# Huelva



## BillisDead (Oct 19, 2018)

I'm considering moving to Seville in the new year fro 12 months or so. However, I've read you can get much more for your money staying somewhere like Huelva. Is that true and what is it like? Thanks


----------



## davexf (Jan 26, 2009)

Hola 

Huelva / Sevilla you are talking Chalk / Cheese. There are differences between the two but are you retiring or working for one year in Sevilla and are prepared to commute? 

Generally living in a city is more expensive than living outside the city in a satellite town. Please give a little more detail on your requirements 

Davexf


----------



## Alcalaina (Aug 6, 2010)

Do you mean the city or the province? It's a pretty big and varied area. Big English-speaking community around Ayamonte, if that's on your wish-list.


----------



## BillisDead (Oct 19, 2018)

Hola,

I've no need to commute or anything like that. I want to experience Spanish culture and pick up the language. I'm in my 40's so I don't want to be in a quiet retiring place. I have a budget of 500 euros a month to rent a one bedroom or studio. I have an open mind about where to go as long as there is some life in the evening to walk around and take in. Thanks


----------



## suiko (Dec 7, 2015)

I've only been in Huelva once, and it was a long time ago, but they are really completely different. Huelva is a provincial town with almost no tourism, Sevilla quite a large, sophisticated city with loads of tourists. Renting in Sevilla would no doubt be a lot more expensive, but Huelva could be boring?


----------



## danboy20 (Jul 10, 2017)

I found Huelva to be incredibly dull, with little discernible culture....Seville on the other hand is beautiful city with a lot to offer. 

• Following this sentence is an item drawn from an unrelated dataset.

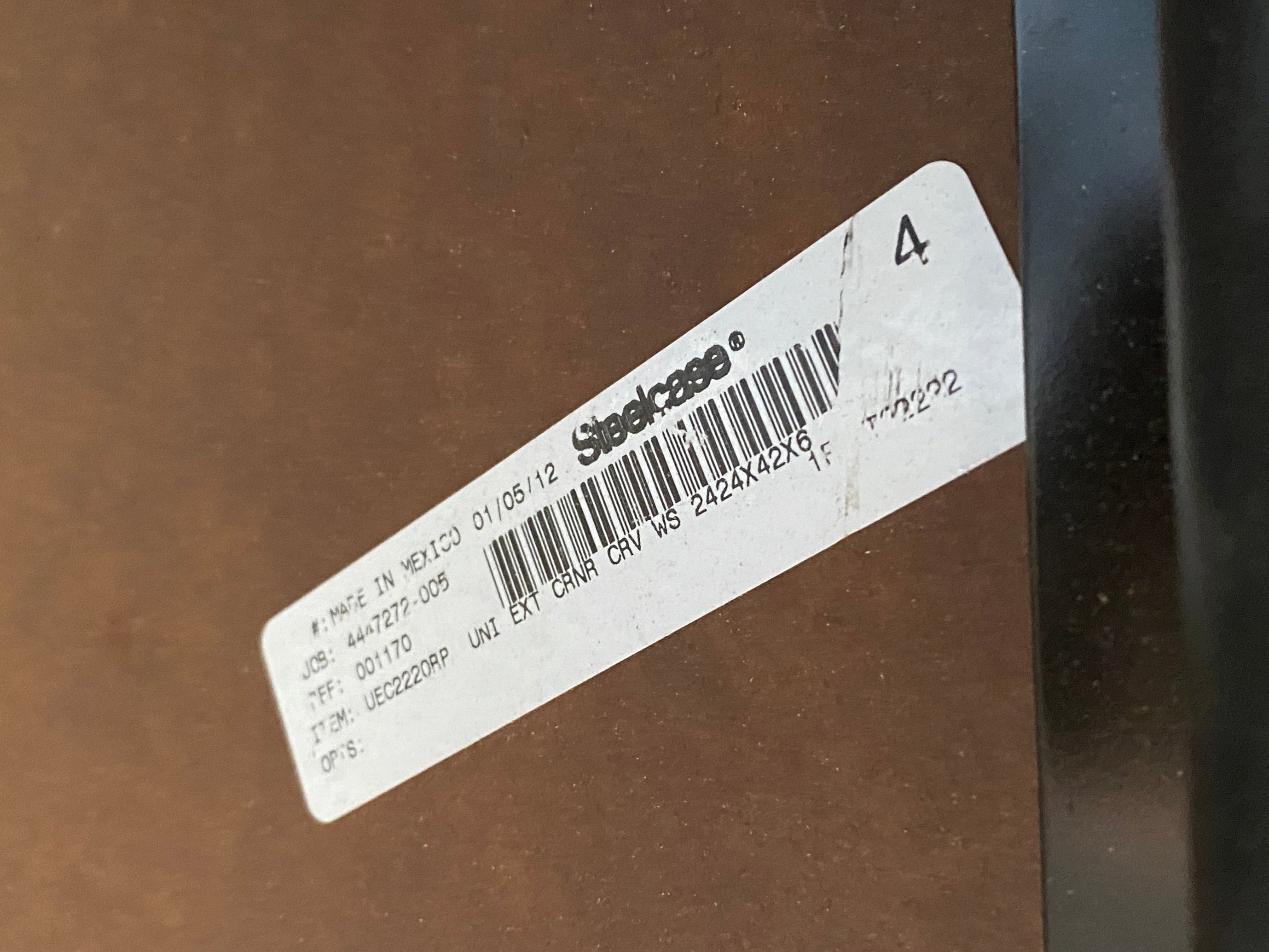 Steelcase #UEC2220RP Laminate Corner Desk Adjustable (Short Right) Variant #2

As another poster said, it´s chalk and cheese. It´s like comparing Middlesbrough to Bath!


----------



## BillisDead (Oct 19, 2018)

Thank you for the advice as it's really helpful. I think the best thing to do is to come over in January and speak to estate agents. Seville and Cadiz are on top of my list now.


----------



## suiko (Dec 7, 2015)

danboy20 said:


> I found Huelva to be incredibly dull, with little discernible culture....Seville on the other hand is beautiful city with a lot to offer.
> 
> As another poster said, it´s chalk and cheese. It´s like comparing Middlesbrough to Bath!


Rather better weather than Middlesbrough. And probably nicer inhabitants too


----------



## Alcalaina (Aug 6, 2010)

BillisDead said:


> Thank you for the advice as it's really helpful. I think the best thing to do is to come over in January and speak to estate agents. Seville and Cadiz are on top of my list now.


Cadiz is a great place and plenty of nightlife. Flats in the old town are really expensive though. Keep an open mind and remember there is an excellent public transport system so it's not a problem to live a bit further out.

NB Have you had any practice with the Cadiz accent? It is probably one of the most difficult dialects in Spain - even folks from Madrid have problems.


----------



## BillisDead (Oct 19, 2018)

Alcalaina said:


> Cadiz is a great place and plenty of nightlife. Flats in the old town are really expensive though. Keep an open mind and remember there is an excellent public transport system so it's not a problem to live a bit further out.
> 
> NB Have you had any practice with the Cadiz accent? It is probably one of the most difficult dialects in Spain - even folks from Madrid have problems.


What would be decent areas on the outskirts of the centre Cadiz? I'me not an expert on the Cadiz accent or any Spanish regional accent to be honest. I have very basic Spanish at present.


----------



## davexf (Jan 26, 2009)

Hola 

Chiclana while being a world away should have a tram service actually running by March 31st 2019 and it will run from Chiclana through San Fernando to Cadiz - there are bus services currently. It is probably further away than you would want. 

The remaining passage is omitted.